(…) Sur le seul exemple du risque thrombo-embolique (on aurait pu en trouver bien d’autres), je viens d’illustrer en trois épisodes, étalés sur plus de cinquante ans, l’incroyable légèreté réglementaire, scientifique et éthique avec laquelle les professionnels de santé, dans leur immense majorité, ont autorisé, prescrit et délivré des produits pharmaceutiques pourtant radicalement défectueux1, destinés à des femmes jeunes et en parfaite santé ; il me suffira encore de trois saynètes, réparties sur le même intervalle chronologique, pour insinuer que derrière l’argumentaire controuvé de « l’émancipation » féminine, la promotion de la contraception médicalisée pourrait être bien plus glauque – et nettement moins « philogyne » que le corps médical (et ses groupies) n’aimerait le faire accroire.

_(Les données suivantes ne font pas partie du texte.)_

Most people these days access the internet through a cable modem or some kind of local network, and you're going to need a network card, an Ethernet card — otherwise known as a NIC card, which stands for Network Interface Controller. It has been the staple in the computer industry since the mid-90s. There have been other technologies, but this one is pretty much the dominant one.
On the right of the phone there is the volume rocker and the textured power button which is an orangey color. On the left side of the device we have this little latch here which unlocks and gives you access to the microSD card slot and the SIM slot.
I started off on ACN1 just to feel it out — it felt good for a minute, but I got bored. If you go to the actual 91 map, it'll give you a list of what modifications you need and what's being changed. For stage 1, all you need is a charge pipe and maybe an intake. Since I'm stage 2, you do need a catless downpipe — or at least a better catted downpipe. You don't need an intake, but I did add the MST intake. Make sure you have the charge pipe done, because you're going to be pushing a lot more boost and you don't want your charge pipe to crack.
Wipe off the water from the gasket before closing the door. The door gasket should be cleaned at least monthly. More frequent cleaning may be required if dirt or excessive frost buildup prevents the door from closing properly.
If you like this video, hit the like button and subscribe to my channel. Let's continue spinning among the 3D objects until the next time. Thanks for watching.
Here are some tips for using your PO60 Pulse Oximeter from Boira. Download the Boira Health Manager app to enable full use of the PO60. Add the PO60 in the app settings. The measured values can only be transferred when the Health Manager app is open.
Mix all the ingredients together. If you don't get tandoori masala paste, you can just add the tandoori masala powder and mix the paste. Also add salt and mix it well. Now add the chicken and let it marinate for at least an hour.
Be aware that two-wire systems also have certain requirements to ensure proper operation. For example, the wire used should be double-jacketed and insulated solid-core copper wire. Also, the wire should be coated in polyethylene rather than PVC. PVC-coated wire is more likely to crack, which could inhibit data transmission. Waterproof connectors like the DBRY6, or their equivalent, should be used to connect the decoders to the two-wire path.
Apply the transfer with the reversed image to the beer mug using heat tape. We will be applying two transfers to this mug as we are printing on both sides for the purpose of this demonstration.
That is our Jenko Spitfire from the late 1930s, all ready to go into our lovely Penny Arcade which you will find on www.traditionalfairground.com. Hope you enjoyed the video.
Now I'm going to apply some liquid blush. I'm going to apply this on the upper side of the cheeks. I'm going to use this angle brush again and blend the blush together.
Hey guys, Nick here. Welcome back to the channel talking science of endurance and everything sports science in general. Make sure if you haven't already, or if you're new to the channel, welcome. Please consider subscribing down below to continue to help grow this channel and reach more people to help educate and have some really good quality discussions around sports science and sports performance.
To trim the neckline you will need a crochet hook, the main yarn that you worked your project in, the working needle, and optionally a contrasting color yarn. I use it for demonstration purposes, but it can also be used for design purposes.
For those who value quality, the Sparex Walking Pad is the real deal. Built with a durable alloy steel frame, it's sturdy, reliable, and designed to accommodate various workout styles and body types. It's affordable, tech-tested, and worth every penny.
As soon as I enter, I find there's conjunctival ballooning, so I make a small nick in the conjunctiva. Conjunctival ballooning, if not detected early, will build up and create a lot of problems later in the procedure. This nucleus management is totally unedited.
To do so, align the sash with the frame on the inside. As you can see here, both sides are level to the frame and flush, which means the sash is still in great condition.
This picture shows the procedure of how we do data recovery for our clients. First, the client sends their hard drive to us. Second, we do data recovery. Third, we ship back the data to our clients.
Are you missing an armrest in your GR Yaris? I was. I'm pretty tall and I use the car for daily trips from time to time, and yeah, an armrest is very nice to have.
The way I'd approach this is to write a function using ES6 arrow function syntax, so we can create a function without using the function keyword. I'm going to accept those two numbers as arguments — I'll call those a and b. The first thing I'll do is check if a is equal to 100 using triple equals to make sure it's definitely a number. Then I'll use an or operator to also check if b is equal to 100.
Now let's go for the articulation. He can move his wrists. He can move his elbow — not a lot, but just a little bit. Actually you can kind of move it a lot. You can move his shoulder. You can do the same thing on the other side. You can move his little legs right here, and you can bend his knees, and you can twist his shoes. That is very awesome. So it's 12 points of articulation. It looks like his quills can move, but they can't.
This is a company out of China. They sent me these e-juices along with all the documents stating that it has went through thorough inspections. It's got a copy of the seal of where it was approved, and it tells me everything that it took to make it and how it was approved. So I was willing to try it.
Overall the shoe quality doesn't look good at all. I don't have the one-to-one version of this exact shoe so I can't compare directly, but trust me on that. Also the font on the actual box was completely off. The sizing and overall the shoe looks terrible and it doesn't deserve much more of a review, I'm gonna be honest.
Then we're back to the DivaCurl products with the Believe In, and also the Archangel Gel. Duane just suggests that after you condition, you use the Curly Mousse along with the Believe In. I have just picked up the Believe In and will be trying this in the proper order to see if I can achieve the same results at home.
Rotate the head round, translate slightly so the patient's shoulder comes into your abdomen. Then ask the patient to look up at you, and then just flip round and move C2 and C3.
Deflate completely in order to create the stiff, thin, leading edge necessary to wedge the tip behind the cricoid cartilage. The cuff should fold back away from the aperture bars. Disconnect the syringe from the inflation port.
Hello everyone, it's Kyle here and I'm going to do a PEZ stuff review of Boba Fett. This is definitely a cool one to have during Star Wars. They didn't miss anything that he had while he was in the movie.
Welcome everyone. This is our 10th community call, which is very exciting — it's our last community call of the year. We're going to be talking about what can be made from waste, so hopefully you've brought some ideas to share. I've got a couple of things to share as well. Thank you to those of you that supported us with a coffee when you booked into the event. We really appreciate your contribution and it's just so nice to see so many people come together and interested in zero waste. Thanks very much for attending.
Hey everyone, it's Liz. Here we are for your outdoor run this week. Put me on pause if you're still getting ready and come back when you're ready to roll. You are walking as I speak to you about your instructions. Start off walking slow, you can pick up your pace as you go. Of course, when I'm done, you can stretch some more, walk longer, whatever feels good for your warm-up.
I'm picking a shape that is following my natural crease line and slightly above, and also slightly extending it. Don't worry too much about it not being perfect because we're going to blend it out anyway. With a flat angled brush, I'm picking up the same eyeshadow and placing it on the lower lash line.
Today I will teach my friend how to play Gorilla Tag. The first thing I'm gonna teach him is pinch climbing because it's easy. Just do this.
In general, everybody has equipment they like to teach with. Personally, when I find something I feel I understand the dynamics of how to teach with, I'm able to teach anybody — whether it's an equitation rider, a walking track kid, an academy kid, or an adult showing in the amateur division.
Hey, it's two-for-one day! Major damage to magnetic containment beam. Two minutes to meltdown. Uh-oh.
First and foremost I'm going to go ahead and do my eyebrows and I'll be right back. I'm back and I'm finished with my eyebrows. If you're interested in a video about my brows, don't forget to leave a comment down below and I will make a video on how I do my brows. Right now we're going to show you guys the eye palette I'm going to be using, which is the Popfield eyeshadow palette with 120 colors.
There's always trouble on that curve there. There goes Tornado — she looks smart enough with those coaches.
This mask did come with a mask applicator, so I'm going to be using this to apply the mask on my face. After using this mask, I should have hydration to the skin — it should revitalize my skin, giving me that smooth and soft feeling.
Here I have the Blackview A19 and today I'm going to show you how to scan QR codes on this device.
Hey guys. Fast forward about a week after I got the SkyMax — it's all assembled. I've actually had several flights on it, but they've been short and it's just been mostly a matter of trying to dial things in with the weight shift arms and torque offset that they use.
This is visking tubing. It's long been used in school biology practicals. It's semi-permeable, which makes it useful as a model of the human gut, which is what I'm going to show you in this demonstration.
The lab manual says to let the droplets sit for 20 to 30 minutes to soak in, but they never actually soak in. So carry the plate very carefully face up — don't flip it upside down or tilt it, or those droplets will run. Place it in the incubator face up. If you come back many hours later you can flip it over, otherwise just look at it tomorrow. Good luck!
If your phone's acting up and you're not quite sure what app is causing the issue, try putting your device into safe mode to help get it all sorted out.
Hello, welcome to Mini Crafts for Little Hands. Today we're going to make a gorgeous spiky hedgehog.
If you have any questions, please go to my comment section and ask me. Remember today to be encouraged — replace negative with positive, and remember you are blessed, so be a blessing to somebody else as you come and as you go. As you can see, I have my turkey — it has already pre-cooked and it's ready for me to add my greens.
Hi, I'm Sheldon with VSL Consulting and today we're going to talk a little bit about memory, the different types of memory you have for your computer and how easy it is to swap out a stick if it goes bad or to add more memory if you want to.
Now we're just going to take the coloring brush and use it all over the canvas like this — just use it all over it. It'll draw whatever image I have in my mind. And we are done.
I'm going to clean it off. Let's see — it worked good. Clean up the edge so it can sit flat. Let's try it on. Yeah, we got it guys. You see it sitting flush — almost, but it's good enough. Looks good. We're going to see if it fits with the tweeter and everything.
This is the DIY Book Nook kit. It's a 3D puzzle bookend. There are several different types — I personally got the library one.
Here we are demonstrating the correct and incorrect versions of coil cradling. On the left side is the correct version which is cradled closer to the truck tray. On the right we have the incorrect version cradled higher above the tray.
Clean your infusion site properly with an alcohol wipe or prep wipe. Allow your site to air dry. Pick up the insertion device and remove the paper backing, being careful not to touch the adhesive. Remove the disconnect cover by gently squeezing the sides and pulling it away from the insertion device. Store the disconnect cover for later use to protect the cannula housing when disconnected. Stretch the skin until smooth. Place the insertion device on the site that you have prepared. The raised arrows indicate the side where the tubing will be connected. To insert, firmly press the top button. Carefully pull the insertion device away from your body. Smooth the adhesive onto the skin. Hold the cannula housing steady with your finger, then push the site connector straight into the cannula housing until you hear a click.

La première de ces petites scènes est formellement datée du 31/01/2002, mais concernée par la situation des femmes avant l’ère bénie de la contraception orale (c’est-à-dire, pour nous Français, la loi Neuwirth qui date du 28/12/1967) telle qu’évoquée par Libération à l’occasion d’un compte rendu d’un livre signé Xavière Gauthier, suggestivement intitulé Naissance d’une liberté, et consacré au « récit très réel et très triste, parfois insoutenable, de la vie sexuelle des femmes condamnées par la collectivité, l’Église et l’État à enfanter envers et contre tout » (c’est moi qui souligne). Il faut avouer, dixit l’auteur de cet ouvrage que l’on voudrait croire pince-sans-rire, que, jusqu’aux « années 1970 », les femmes – depuis la plus haute Antiquité, apparemment – « avaient une si mauvaise opinion d’elles-mêmes qu’elles acceptaient leur sort », pas moins : la question n’est pas abordée de front dans l’article, mais par recoupements avec d’autres textes sacrés de l’émancipation féminine2, on pressent qu’en autres humiliations, « les » femmes devaient accepter d’être prises en levrette – au lieu de chevaucher gaillardement leur partenaire comme fait désormais d’instinct n’importe quelle femme tant soit peu « libérée »… Blague à part et toujours selon l’auteur (c’est encore moi qui souligne), « il faut lire les lettres adressées encore dans les années 1960 au Planning familial par des femmes désespérées. Une mère de trois enfants qui dit : “Mes accouchements se sont horriblement mal passés, je ne peux pas avoir un quatrième enfant, j’ai supplié mon mari de prendre une maîtresse.” (…) “On a déjà deux enfants, mon mari m’a dit ‘si tu es encore enceinte, je te plaque’ (…) Il m’a plaquée. Mais docteur, il faut le comprendre, il n’en pouvait plus des enfants” ». Bref et pour résumer – « c’est un peu comme pour l’extermination des Juifs », si ! si ! – les jeunes à c’t’heure n’ont plus la moindre idée de ce qu’était la condition des femmes jusque voici pas longtemps et ils ne se rendent simplement pas compte de ce qu’ils doivent au miracle de la pilule et à la libéralisation de l’avortement.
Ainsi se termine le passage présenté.